Bibliografie
Mikrobiologische Aspekte menschlicher mandibulärer subperiostaler Zahnimplantate
- 28 Dezember 2013
- Gepostet von: anjaform
- Kategorie: Komplikationen
Thomas E Rams, Burton E Balkin, Thomas W Roberts, Arthur K Molzan
Full text link : https://pubmed.ncbi.nlm.nih.gov/21767207/
Mikrobiologische Aspekte menschlicher mandibulärer subperiostaler Zahnimplantate
1. Wissenschaftliche Referenz
- Studientitel: Mikrobiologische Aspekte menschlicher mandibulärer subperiostaler Zahnimplantate
- Autoren: Thomas E. Rams, Burton E. Balkin, Thomas W. Roberts, Arthur K. Molzan
- Wissenschaftliche Zeitschrift: Journal of Oral Implantology
- Erscheinungsjahr: 2013
- DOI: 10.1563/AAID-JOI-D-11-00023
2. Wissenschaftlicher Hintergrund
Mandibuläre subperiostale Implantate stellen eine historische therapeutische Option für Patienten mit schwerer Unterkieferatrophie und vollständiger Zahnlosigkeit dar.
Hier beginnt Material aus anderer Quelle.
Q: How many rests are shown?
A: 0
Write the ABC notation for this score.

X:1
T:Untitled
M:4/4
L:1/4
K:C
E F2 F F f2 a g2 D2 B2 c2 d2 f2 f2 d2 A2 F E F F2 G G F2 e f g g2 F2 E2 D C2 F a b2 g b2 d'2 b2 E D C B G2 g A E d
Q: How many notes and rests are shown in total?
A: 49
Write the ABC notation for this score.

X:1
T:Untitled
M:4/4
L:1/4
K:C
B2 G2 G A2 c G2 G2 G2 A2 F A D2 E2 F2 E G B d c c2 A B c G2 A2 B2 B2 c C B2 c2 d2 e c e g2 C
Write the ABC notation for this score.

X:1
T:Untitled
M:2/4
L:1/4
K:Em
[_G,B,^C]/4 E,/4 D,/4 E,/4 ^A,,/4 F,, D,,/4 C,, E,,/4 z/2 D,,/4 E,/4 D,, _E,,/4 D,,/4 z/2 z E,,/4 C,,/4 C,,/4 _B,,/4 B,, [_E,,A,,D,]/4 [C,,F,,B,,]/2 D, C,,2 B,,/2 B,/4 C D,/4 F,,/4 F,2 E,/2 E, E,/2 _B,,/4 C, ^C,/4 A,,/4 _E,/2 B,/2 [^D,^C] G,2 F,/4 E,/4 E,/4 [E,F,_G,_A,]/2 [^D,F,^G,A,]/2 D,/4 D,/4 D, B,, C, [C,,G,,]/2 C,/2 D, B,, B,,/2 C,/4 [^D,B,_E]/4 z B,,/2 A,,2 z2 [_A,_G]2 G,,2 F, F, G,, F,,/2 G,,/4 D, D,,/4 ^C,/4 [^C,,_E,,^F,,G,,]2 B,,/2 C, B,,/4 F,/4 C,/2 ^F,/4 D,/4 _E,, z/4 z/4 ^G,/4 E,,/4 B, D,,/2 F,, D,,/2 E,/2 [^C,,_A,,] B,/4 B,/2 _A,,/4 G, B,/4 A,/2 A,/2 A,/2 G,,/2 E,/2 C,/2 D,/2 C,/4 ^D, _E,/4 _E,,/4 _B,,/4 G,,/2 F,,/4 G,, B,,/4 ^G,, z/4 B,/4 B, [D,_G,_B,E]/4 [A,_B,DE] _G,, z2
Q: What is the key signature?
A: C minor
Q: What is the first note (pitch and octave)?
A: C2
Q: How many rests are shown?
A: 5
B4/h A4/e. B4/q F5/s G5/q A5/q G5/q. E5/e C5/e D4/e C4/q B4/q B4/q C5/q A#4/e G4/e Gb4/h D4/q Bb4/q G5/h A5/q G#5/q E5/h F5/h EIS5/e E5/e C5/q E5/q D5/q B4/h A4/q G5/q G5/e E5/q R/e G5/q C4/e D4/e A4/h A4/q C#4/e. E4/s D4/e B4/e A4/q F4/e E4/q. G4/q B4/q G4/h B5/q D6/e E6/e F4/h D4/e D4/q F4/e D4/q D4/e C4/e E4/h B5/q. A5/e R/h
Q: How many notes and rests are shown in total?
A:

Obwohl ihre Anwendung mit der Entwicklung moderner enossaler Implantate seltener geworden ist, bleiben einige dieser Implantate bei bestimmten Patienten über viele Jahre hinweg funktionstüchtig.
Eine der größten Herausforderungen im Zusammenhang mit diesen Versorgungen ist das Auftreten infektiöser Komplikationen im Bereich der transmukosalen Pfeiler. Diese entzündlichen Läsionen, die häufig mit dem Konzept der Periimplantitis bei enossalen Implantaten verglichen werden, können zu einer fortschreitenden Schädigung der periimplantären Gewebe und in einigen Fällen zur Entfernung des Implantats führen.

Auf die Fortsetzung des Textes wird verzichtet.